**PROBLEM DESCRIPTION:**
What is needed is a word-for-word copy of the listing below, without pictures.

**RAW DATA:**
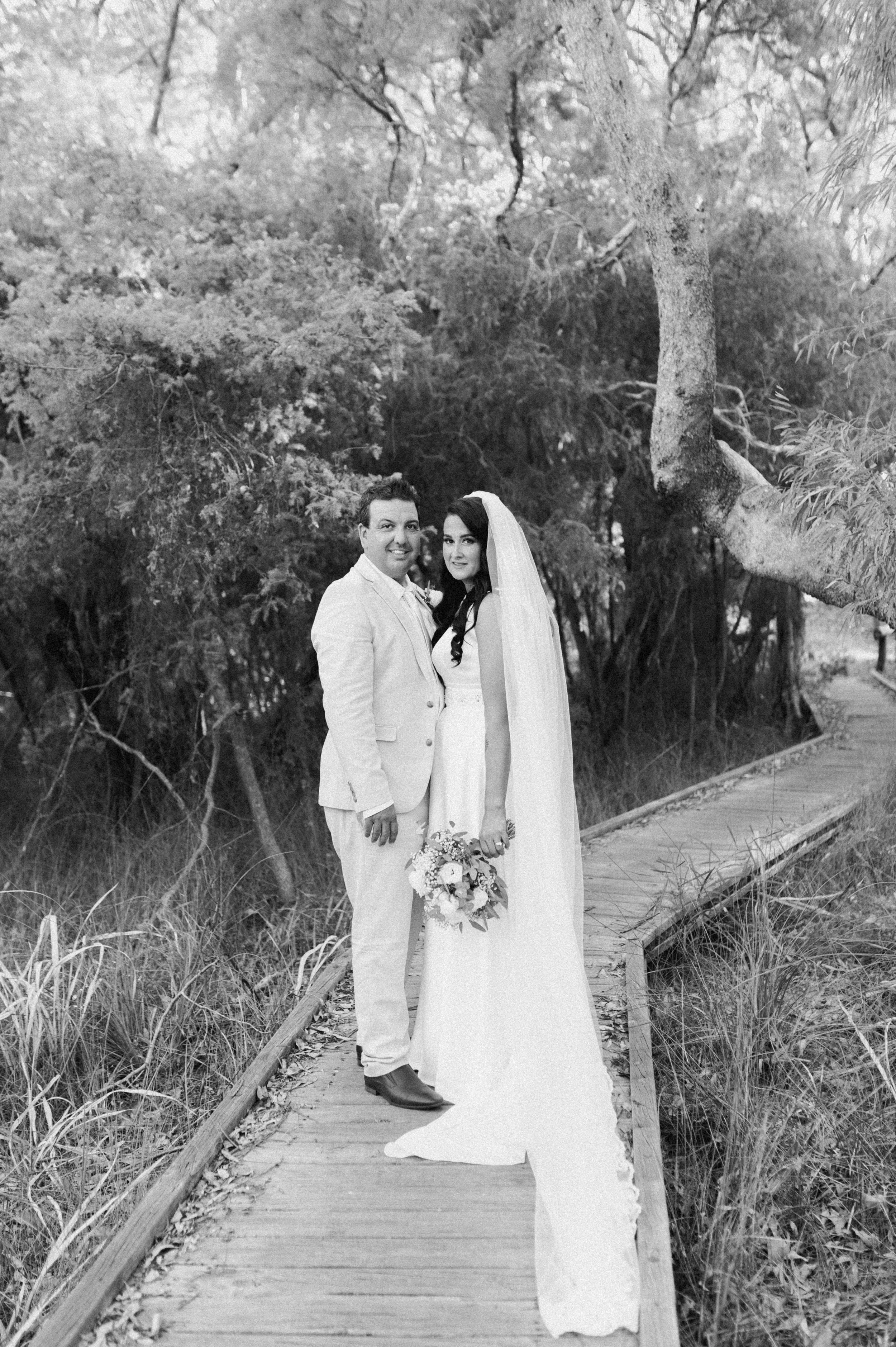 Black and white photograph of a bride and groom standing on a wooden walkway in a natural, wooded setting. The bride is in a wedding dress holding a bouquet, and the groom is in a light-colored suit.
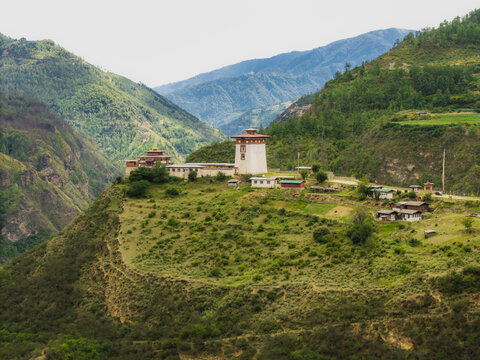 Aerial view of the majestic Raga Lhakhang perched atop a hill, embraced by verdant slopes, under a soft, diffused light, Raga, Paro, Bhutan.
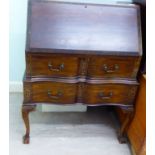 A 1920s/30s mahogany bureau with a fall front, over two serpentine front drawers, raised on cabriole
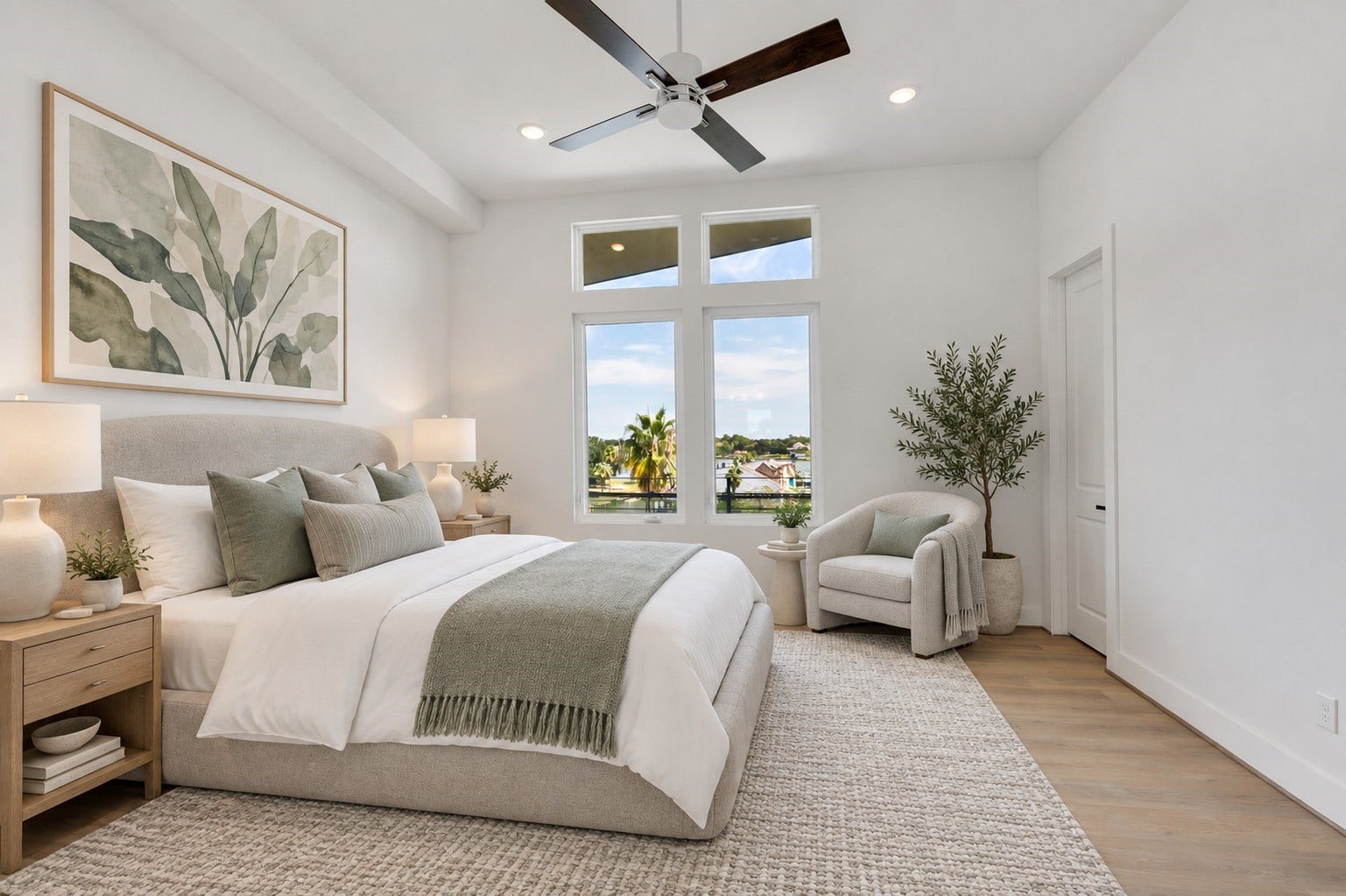 119 Kirby Road, #5303, Taylor Lake Village, TX 77586 Bright and airy bedroom featuring large windows, a cozy upholstered bed, and stylish decor with natural accents. (Virtually staged room).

**RESPONSE TO THIS TASK:**
 Black and white photograph of a bride and groom standing on a wooden walkway in a natural, wooded setting. The bride is in a wedding dress holding a bouquet, and the groom is in a light-colored suit.
 Aerial view of the majestic Raga Lhakhang perched atop a hill, embraced by verdant slopes, under a soft, diffused light, Raga, Paro, Bhutan.
 A 1920s/30s mahogany bureau with a fall front, over two serpentine front drawers, raised on cabriole
 119 Kirby Road, #5303, Taylor Lake Village, TX 77586 Bright and airy bedroom featuring large windows, a cozy upholstered bed, and stylish decor with natural accents. (Virtually staged room).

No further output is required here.